*** Opening of DATASET EXTRACT ***
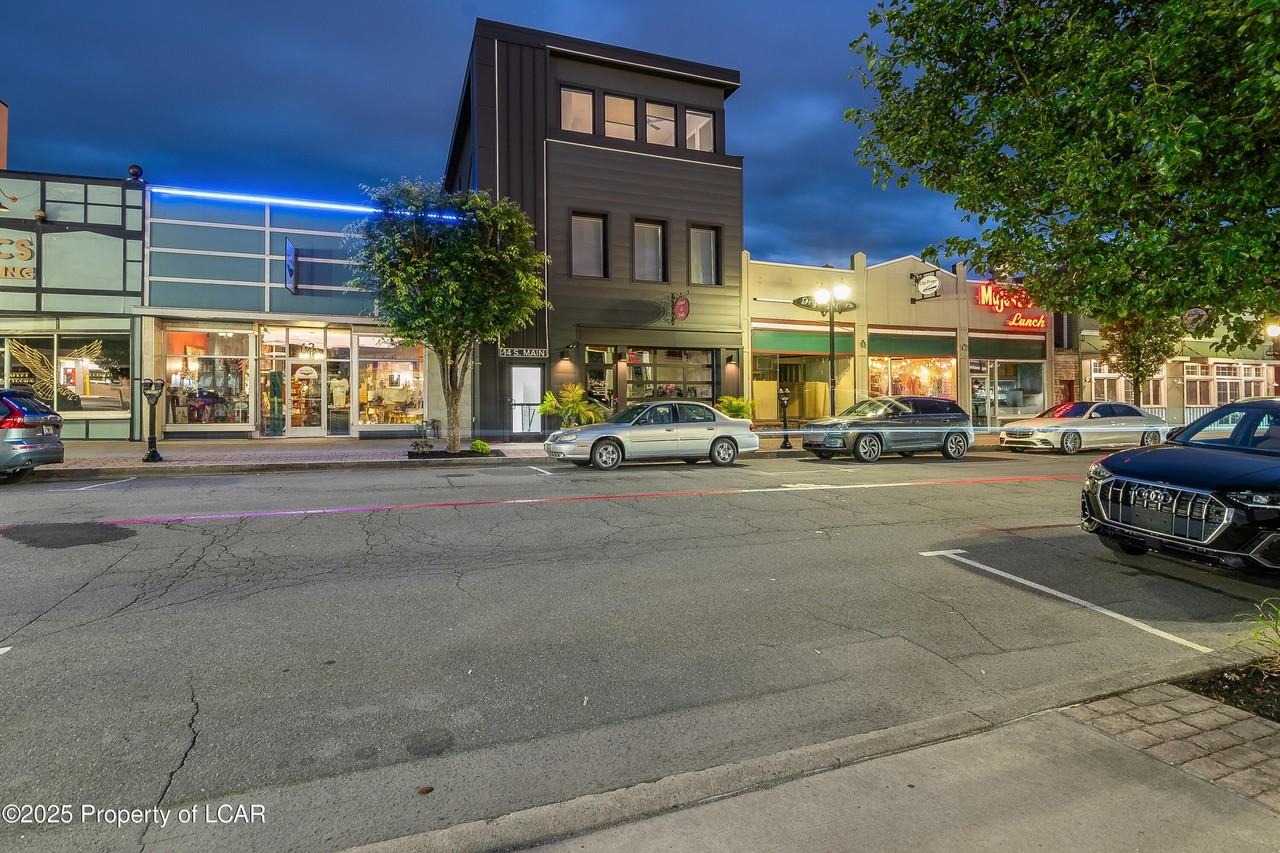 14 S Main St - Photo 2 of 10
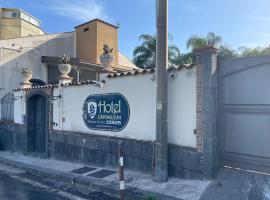 Hotel Capomulini 3 Stelle, hotell i Acireale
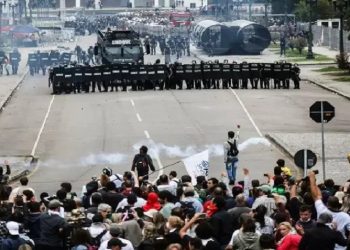 Repressão policial deixou cerca de 300 pessoas feridas - foto Joka Madruga-APP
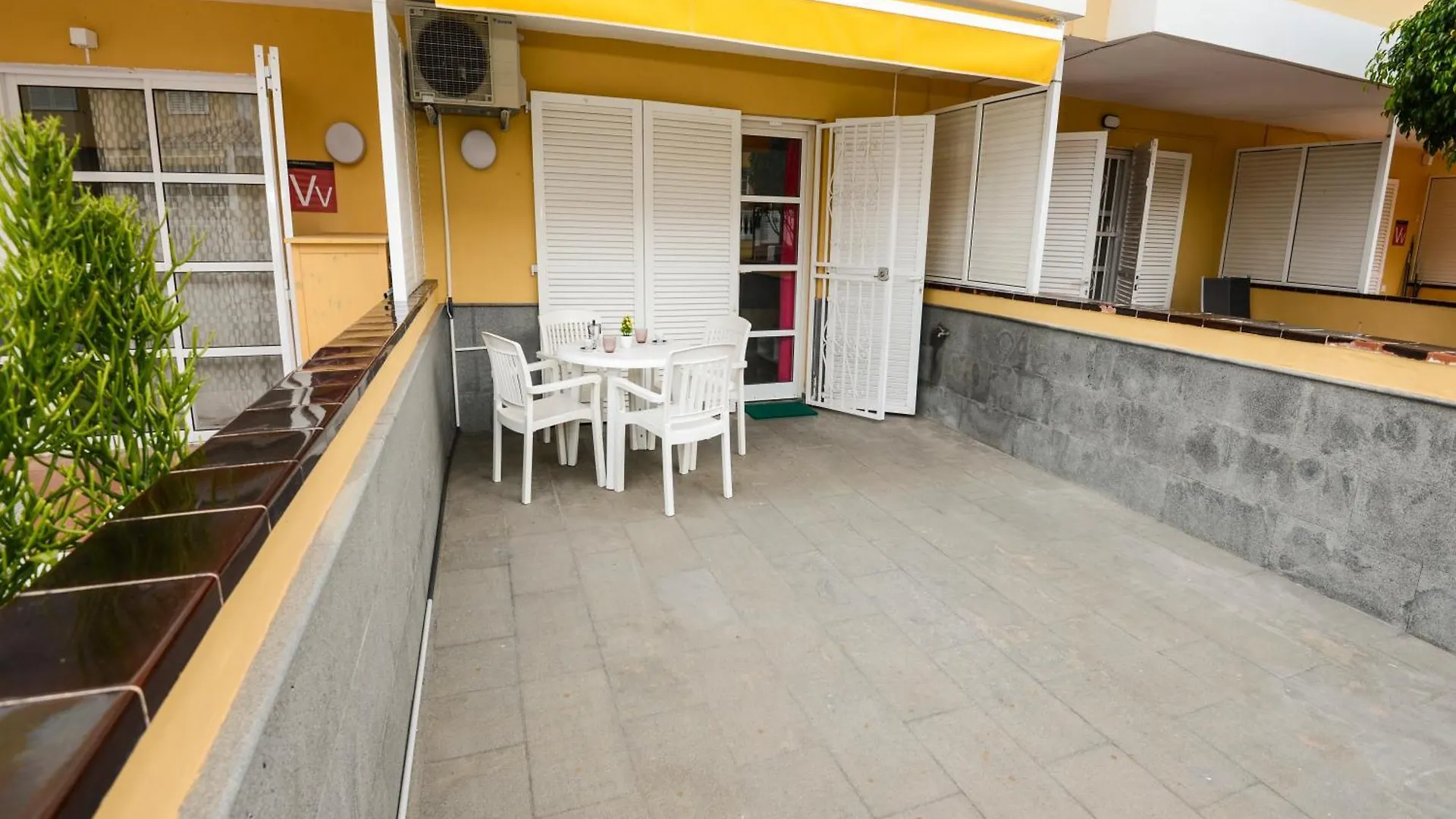 Tenerife Sur Cristianos,Parking,Air,Wifi Playa de las Americas  0*, Playa de las Americas (Tenerife) Španělsko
*** Close of DATASET EXTRACT ***
* _DESCRIPTION OF THE TASK_: Restate word for word, and only, the lines from the line that contains "Repressão policial deixou" through the end of the data, both included; pictures are not part of the copy.

* _SOLUTION FOR THIS TASK_:
 Repressão policial deixou cerca de 300 pessoas feridas - foto Joka Madruga-APP
 Tenerife Sur Cristianos,Parking,Air,Wifi Playa de las Americas  0*, Playa de las Americas (Tenerife) Španělsko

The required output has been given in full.